As I write, early on Tuesday morning, the riots have continued for 12 straight nights, despite increasing law and order talk from the conservative French government and the mobilization of nearly 10,000 local and national police. The current situation is the logical and predictable result of neglecting the plight of the the ghettoized communities that ring Paris, especially to the north and east. Here, in bleak, often run down housing projects, immigrants from North and sub-Saharan Africa—some newcomers, many here for several generations—suffer from 30-40% employment rates, inferior schools, and minimal social services. They also suffer from the ingrained racism of a French society that has always regarded them as outsiders and perhaps always will.
To understand what is going on in France requires keeping two or more contradictory thoughts in one’s head at the same time. The rioters are not freedom fighters, revolutionaries, or community activists. The chief instigators are the hoodlum elements that have long plagued these poor suburbs, making the lives of their own neighbors insecure and miserable.

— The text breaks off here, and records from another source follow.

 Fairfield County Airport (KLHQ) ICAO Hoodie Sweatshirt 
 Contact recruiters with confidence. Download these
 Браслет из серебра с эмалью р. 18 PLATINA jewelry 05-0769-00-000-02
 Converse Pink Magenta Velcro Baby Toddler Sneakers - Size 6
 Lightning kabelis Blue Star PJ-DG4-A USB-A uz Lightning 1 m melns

On the weekends, they plague public transportation, sometimes attacking passengers and otherwise making a nuisance of themselves. On the other hand, there are no hoodlum gangs in the wealthy districts of western Paris. When a young man has no job and no money, being a hoodlum and/or a drug dealer is pretty much all that is left as a vocation. So while the torching of cars, schools, and businesses is unacceptable and inexcusable, it is easily understandable. And from an entirely symbolic point of view, these actions have a certain resonance: In France as in America, the automobile, the rioters’ chief target, is a symbol of freedom, mobility, and independence—something that these young people have never had and may never have. More than 5,000 autos have now been torched, a symbolic statement indeed.

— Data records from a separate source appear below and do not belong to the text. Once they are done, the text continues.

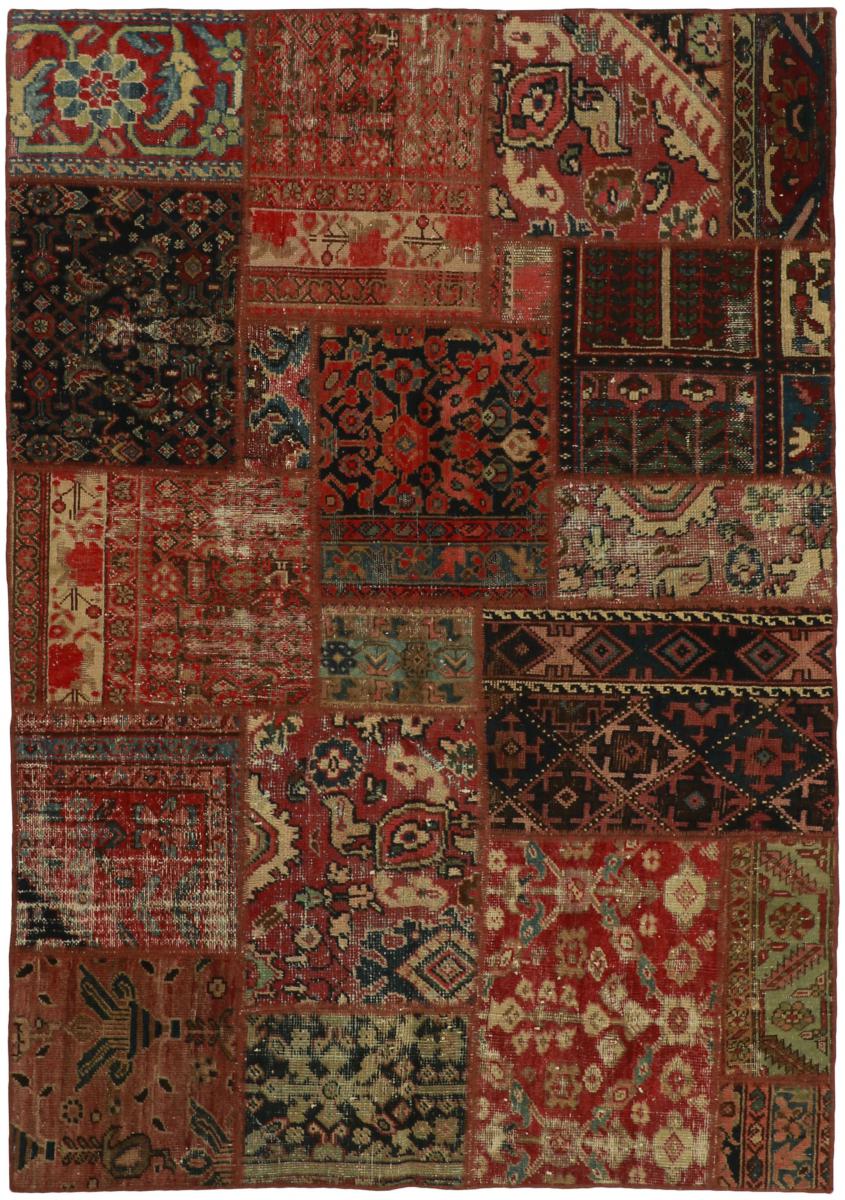 Tapete persa Patchwork Malayer 201x139 201x139, Tapete persa Atado à mão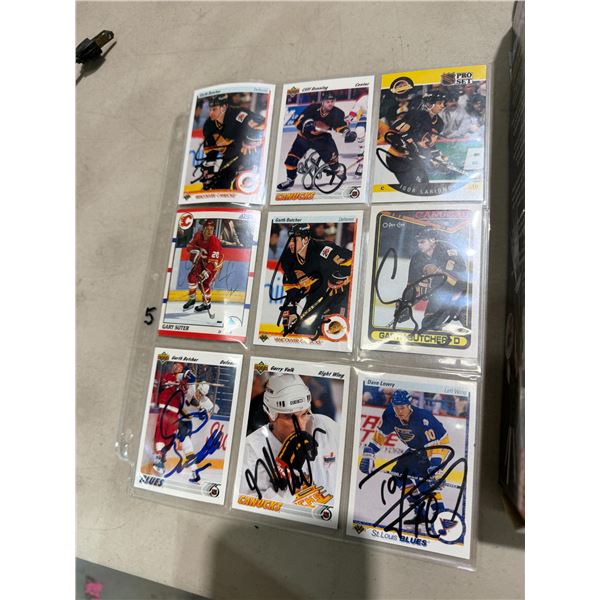 Hockey cards signed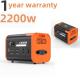 Portable 1800W 2000W 2200W 2400W Camping Power Station for Solar Energy Boat RV and Laptop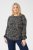 Kaffe Curve Mila Ami Blusa Negro/Turtledove - Blusas y túnicas -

It also has to be said that the suburban youth have been provoked. By now many Americans will have heard of French interior minister Nicolas Sarkozy, who earlier this year made a number of highly mediatized excursions into the suburbs promising to “clean up” problem neighborhoods, and who has characterized violent youth as “scum.” Also predictably, this has made him one of France’s most popular politicians. The riots are the riposte of the scum to the government elite and the society that has neglected them and accepted their suffering as the natural state of things. And most tellingly, the government has not had to appoint commissions to study the situation for several years to understand the roots of the problem. Ministers have long talked about “sensitive suburbs” and “difficult neighborhoods”—all the while doing nothing about them. Despite tough but mostly empty talk from Sarkozy, prime minister Dominique de Villepin, and president Jacques Chirac that restoring order is the number one priority, government ministers are already rushing to throw money and programs at the problems of youth unemployment and hopelessness.

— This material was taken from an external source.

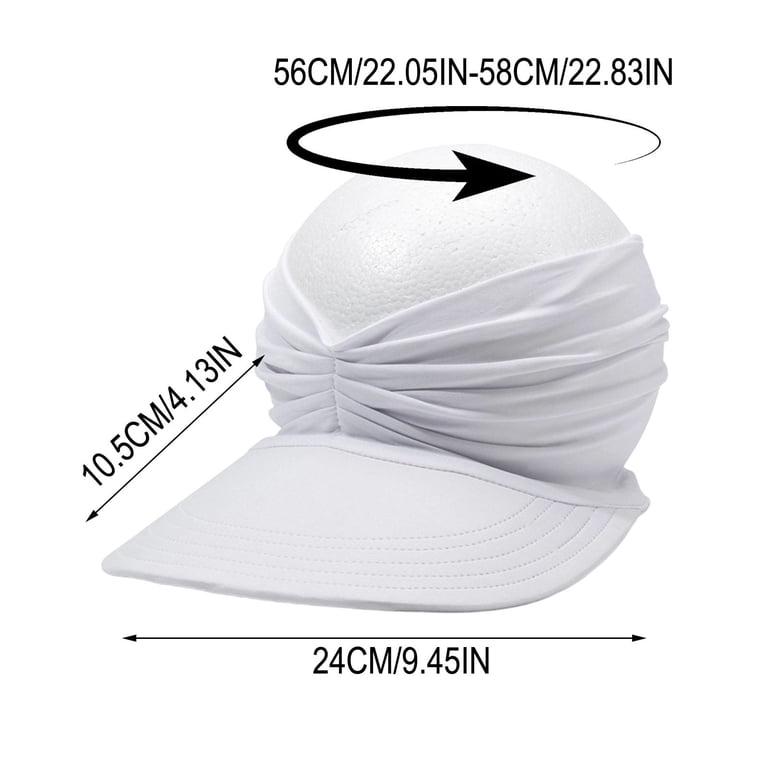 PBFRDSJ Sun Visor Hats for Women UPF 50+ UV Protection Empty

And let’s have no illusions that this is just a problem for the French political right, even if it is currently in power. Left-leaning governments have not acted much differently, although in recent years the right has severely cut back on services and social supports in poorer neighborhoods. French society is no more or less racist than that of most other western countries, yet everyone in France knows that that conditions in these suburbs are intolerable, and everyone knows that most of the victims of these conditions are Africans. Can we not just come right out and say that for many white French men and women, this makes it somehow okay? If that is too strong, then let’s at least ask why it takes riots and burning cars for the government and society at large to act when everyone knows exactly why this is happening. Has it become trite to say that human beings will accept only so many assaults on their dignity before they react in protest, sometimes violently? Perhaps no more trite than to say that a nation that neglects a large portion of its youth should not be too surprised when they turn bad.